### [Given data]

━━━

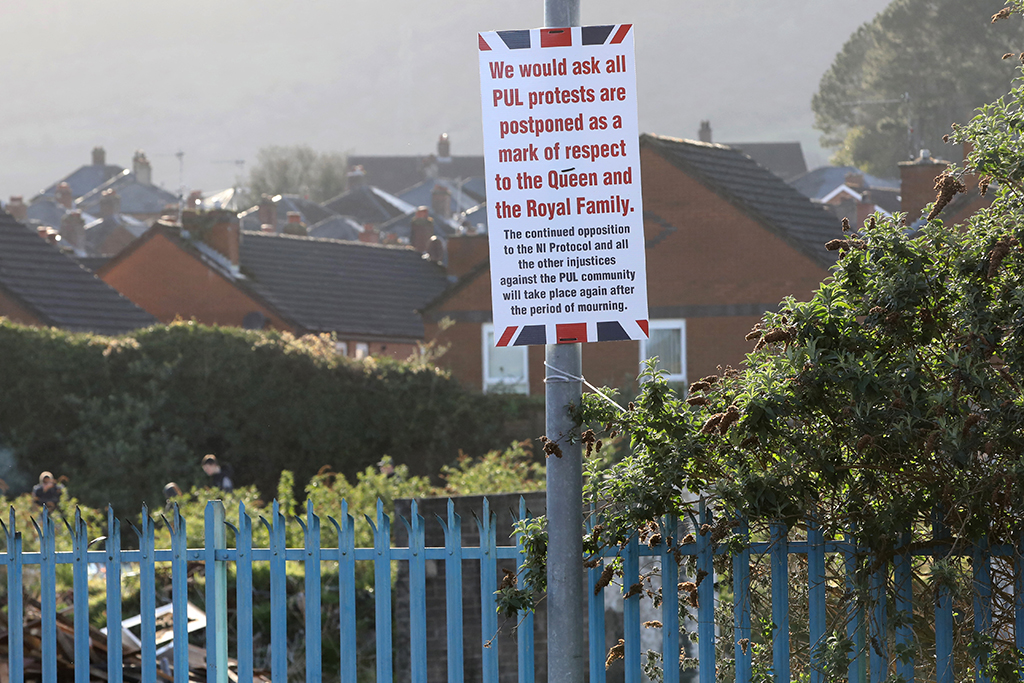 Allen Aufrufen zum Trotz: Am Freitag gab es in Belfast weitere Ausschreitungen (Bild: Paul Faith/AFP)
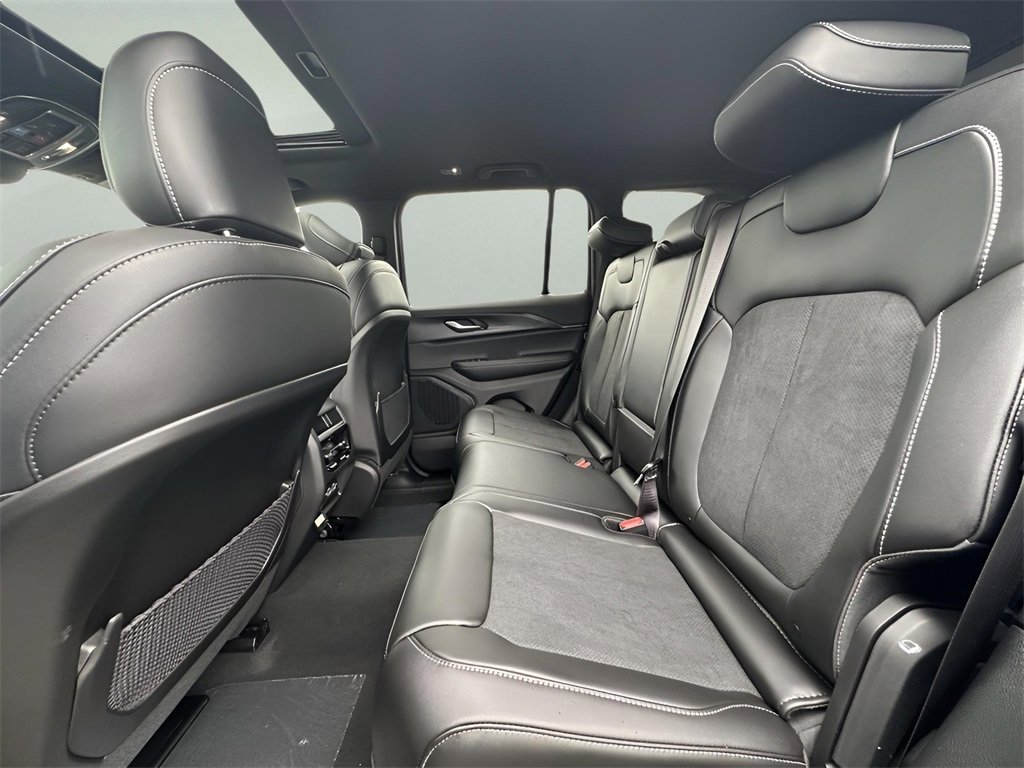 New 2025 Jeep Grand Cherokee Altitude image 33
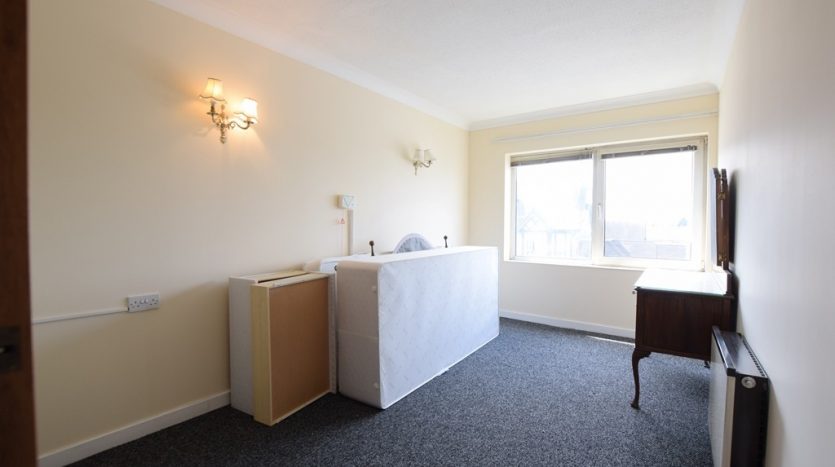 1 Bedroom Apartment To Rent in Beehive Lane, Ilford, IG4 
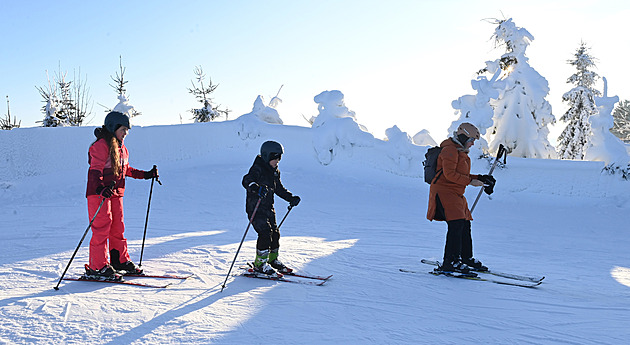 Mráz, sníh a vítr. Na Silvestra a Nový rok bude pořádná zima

━━━

None of the pictures should appear; copy the rest of the material above exactly.

### [Answer space]
 Allen Aufrufen zum Trotz: Am Freitag gab es in Belfast weitere Ausschreitungen (Bild: Paul Faith/AFP)
 New 2025 Jeep Grand Cherokee Altitude image 33
 1 Bedroom Apartment To Rent in Beehive Lane, Ilford, IG4 
 Mráz, sníh a vítr. Na Silvestra a Nový rok bude pořádná zima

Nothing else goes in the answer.